Hobbes’s argument for nominalism in the Elements of Law

[Cross-posted from philosophymodsquadwordpress.com.]

Hobbes was a nominalist, in that he believed that “there is nothing universal but names” (EL 5.6), so there are neither universal things nor universal ideas. But why did he believe this?

In chapter 5 of the Elements of Law, having introduced names, Hobbes distinguishes between universal and singular names: singular names name one thing, while universal names name more than one thing. As an example of a universal name he gives ‘man’, which is a name given “to every particular of mankind” (EL 5.5), that is, to every individual man.

Having distinguished the two sorts of name, Hobbes goes on to note that the universality of certain names has lead some to think that there are also universal things (EL 5.6).
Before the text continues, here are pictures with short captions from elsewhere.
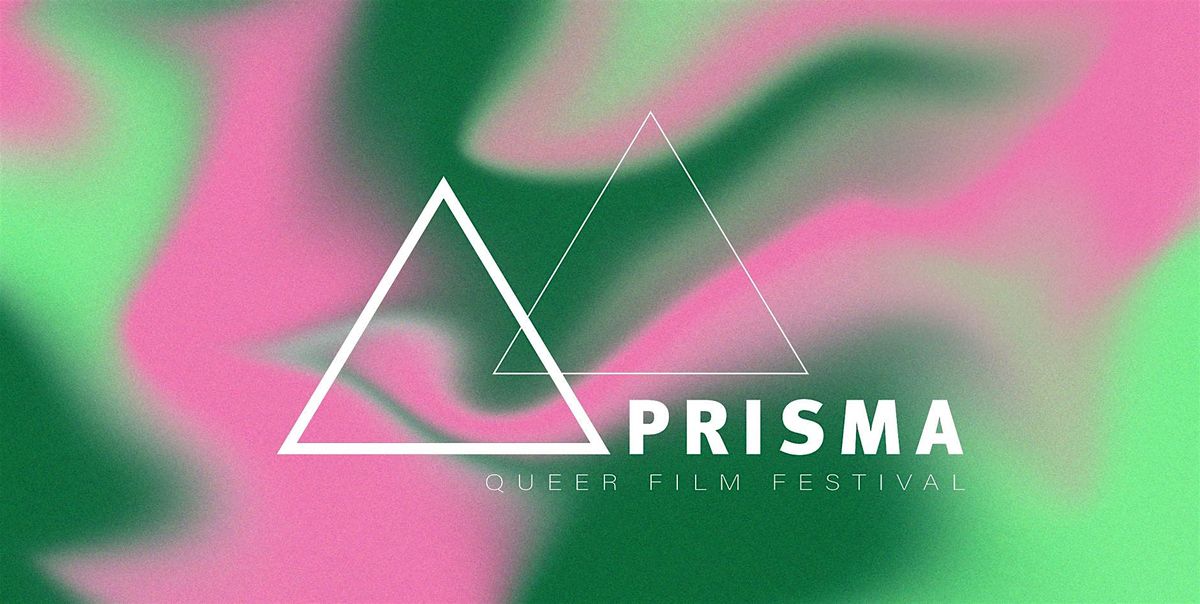 PRISMA SOCIAL: NETWORKING EVENT & TALENT DATABASE LAUNCH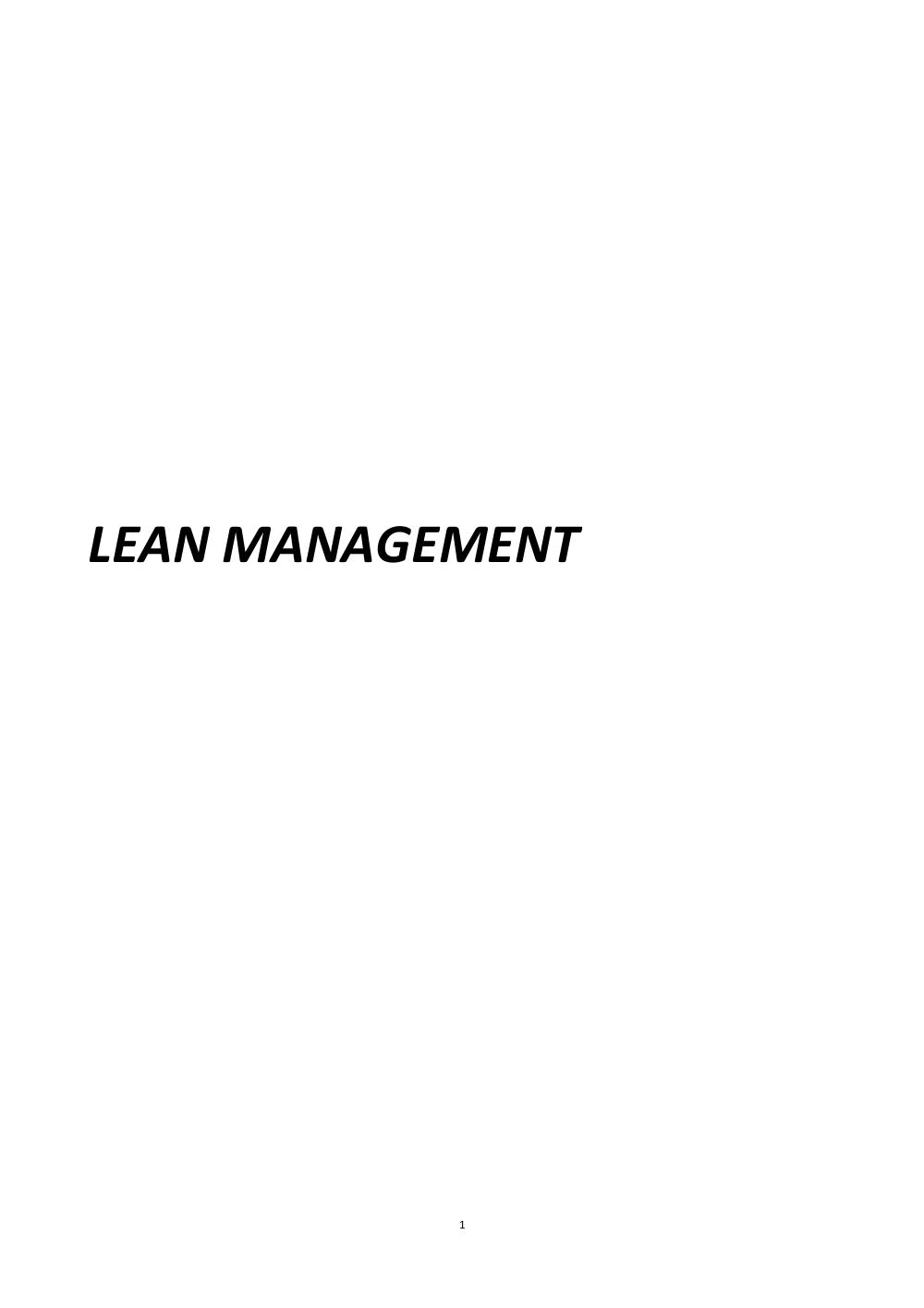 Preview documento per pagina 1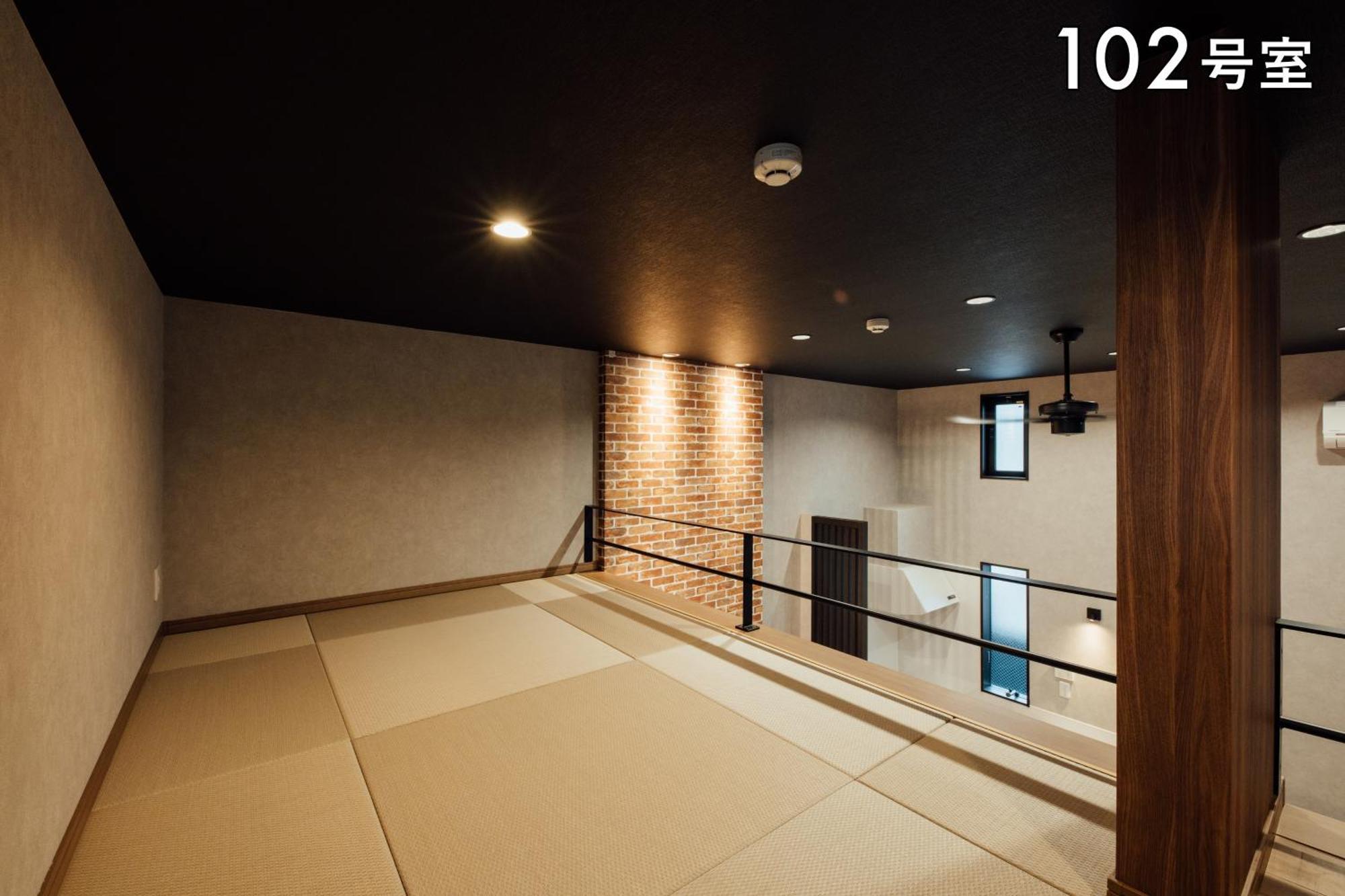 Your Room 熊本駅 Extérieur photo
On this view

besides Peter and John, and all the rest of the men that are, have been, or shall be in the world, there is yet somewhat else that we call man, (viz.) man in general, deceiving themselves by taking the universal, or general appellation, for the thing it signifieth (EL 5.6).

So on this view there is some sort of universal thing man, as well as the universal name ‘man’. But this view is, Hobbes thinks, wrong. The name is universal, but the thing signified is not universal, for there are no universal things to signify. (In this text Hobbes appears to talk interchangeably of naming and signifying.)

In support of his view, Hobbes imagines someone asking a painter for a painting of “a man, which is as much as to say, man in general” (EL 5.6). All that is being asked for, Hobbes says, is a painting of some man or other. There is no other thing, man in general, of which one wishes a picture.

It seems, however, that Hobbes’s opponents might  handle the example without much difficulty. To ask for a picture of a man, they might say, is indeed just to ask for a picture of some man or other. There is another thing, the universal man, but it’s not what ‘paint me a picture of a man’ is asking for a picture of. You might do that with another request: ‘paint me a picture of the universal man’. But we don’t do that, perhaps just because the universal man is not the sort of thing that can be pictured.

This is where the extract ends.